水場側の雌の腕は、朝よりも乾いて見えた。
私は目を細めた。
見間違いかもしれない。
疲れのせいかもしれない。
雌の傷が浅かっただけかもしれない。
それでも、記した。
――若い雄の肩、夕刻なお血湿りあり。
――水場側の雌の腕、乾き早きように見ゆ。
――定め難し。
――一つなら偶然。

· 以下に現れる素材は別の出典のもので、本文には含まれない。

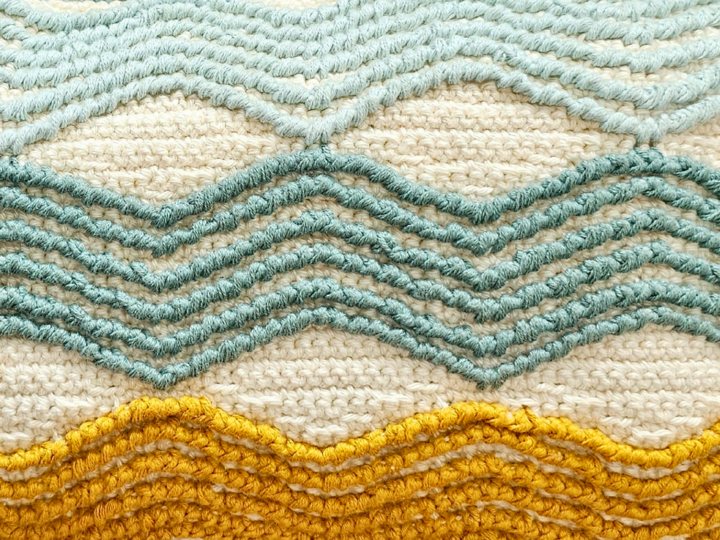 Praktische Windeltasche im angesagten Boho Look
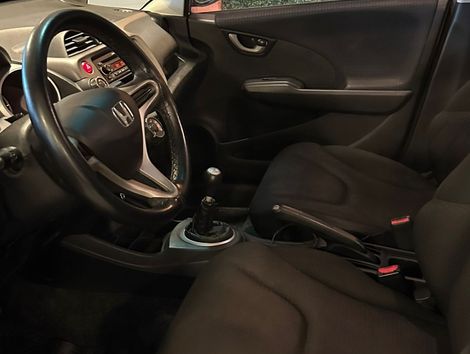 Honda Fit LX 1.4/ 1.4 Flex 8V/16V 5p Mec.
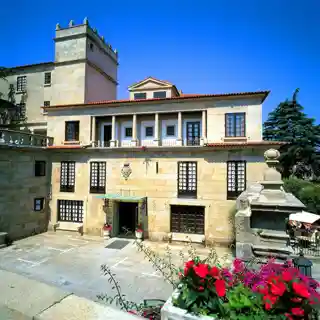 Palace of the Counts of Maceda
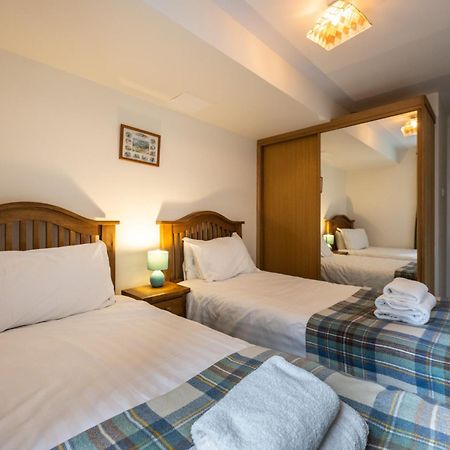 Raven Wing Apartments - Highland Club Scotland حصن أوغسطس المظهر الخارجي الصورة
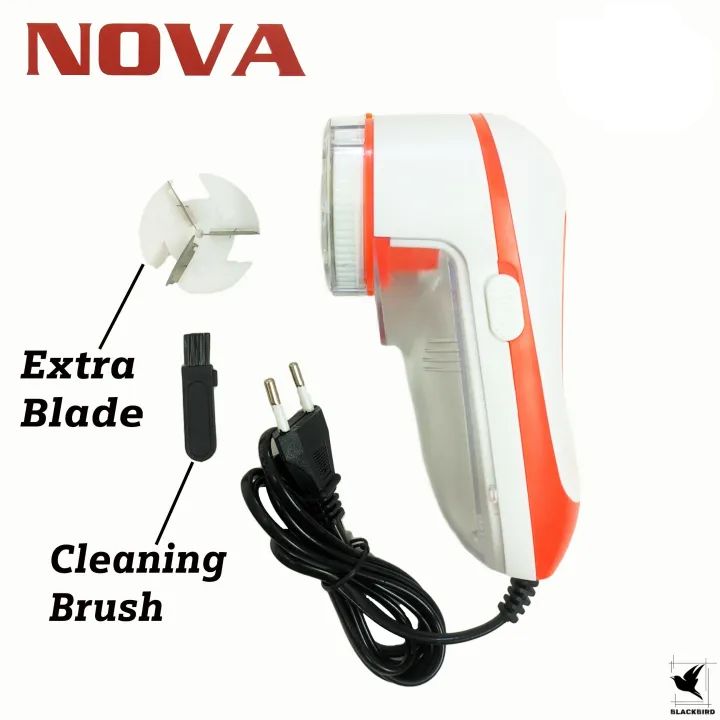 NOVA Electric Lint Remover For Winter Fabrics - Image 2
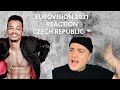 Benny Cristo - omaga | Eurovision 2021 Czech Republic | Reaction from Turkey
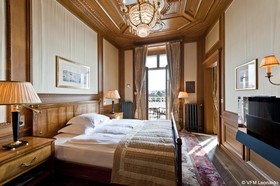 Grand Hotel Les Trois Rois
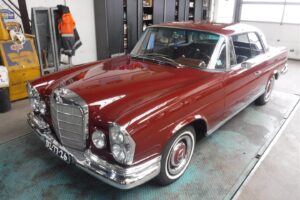 Mercedes-Benz 250SE –67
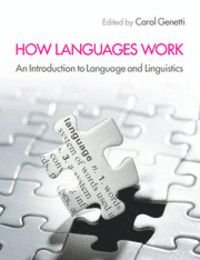 How Languages Work, ISBN: 9780521174688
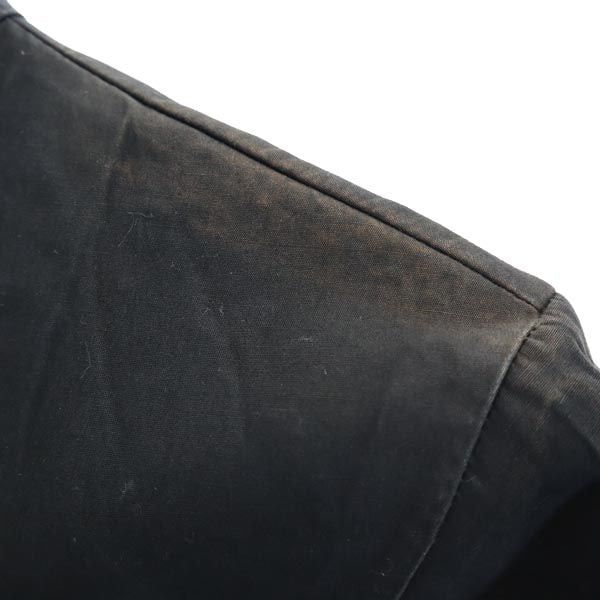 RALPH LAUREN ラルフローレン ステンカラーコート 11 ブラック レディース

二つなら徴か。
――肩傷の雌の例、忘るべからず。
――後日また見る。
私は筆を止めた。
今はまだ、これ以上は書けない。
雌の身が、雄と違う保ち方を持つのか。
それとも私が、見たいものを見ているだけなのか。
どちらにしても、王国へ出すには早すぎる。
それから、私は水場へ行った。
昨日、月の血の雌に示された通りに、使った布を分けた。
血のある布は、食の布とは混ぜない。
水場の流れへ直に落とさない。
灰湯へ浸す。
湯で洗う。
干す場所へ移す。
手順は粗い。
私の手つきも、まだぎこちない。
だが、迷わずに済んだ。
それだけで、腹の奥の重さが少し遠のくようだった。
私は荷帳の端に、さらに書いた。
――月の血、初日。
――出血あり。
――布替え、可能。
――腹重、従前より浅し。
――腰鈍、浅し。
――冷え、少なし。
――歩行、沢道および谷上観測に支障少なし。
――ただし原因、定め難し。
――血布作法、水・灰・湯・乾きの助け大なり。
――身体そのものの変化かは、なお後日見る。
*
夜、黒き刃石は火場のそばに置かれた。
大個体は、狼の皮の端へそれを当てる。
薄く、静かに裂ける。
若い雄たちが見ている。
叩けば早いと思っている顔だ。
大個体は、何度も見せる。
切る。
叩かない。
切る。
叩かない。
火を見る雌が、細い腱を持ってくる。
黒い刃石がそれを切る。
小柄なオークが目を丸くした。
「きる」
大個体が頷いた。
「きる」
私はその声を聞きながら、谷底の石積みを思い出していた。
黒い石。
ザポテックの荷札。
白骨。
死者の上に置かれた石。
この群れは、十五文化圏の境から落ちたものを拾っている。
荷を拾う。
刃を拾う。
作法を拾う。
言葉を拾う。
だが、死者の骨だけは、拾って道具にしなかった。
石を積んだ。
それが何よりも、私には恐ろしかった。
獣ならば、しない。
人ならば、する。
だが、彼はオークだ。
私は荷帳を閉じた。
――谷底の荷札、王国へ出すべきか。
――黒き刃石、群れの用となる。
――死者、石の下に置かる。
――この群れ、十五文化圏より落ちしものを拾う。
――されど、死者を踏ませず。
――第十六個体、なお定め難し。
外で、大個体の声がした。
「まて」
若い雄が黒い石を叩こうとしたのだろう。
私はその声を聞き、目を閉じた。
水。
火。
腐れ。
残す。
切る。
待て。
血を分ける。
そして、死者を踏むな。
まだ、その音はない。
だが、大個体の行いの中には、すでにそれがあった。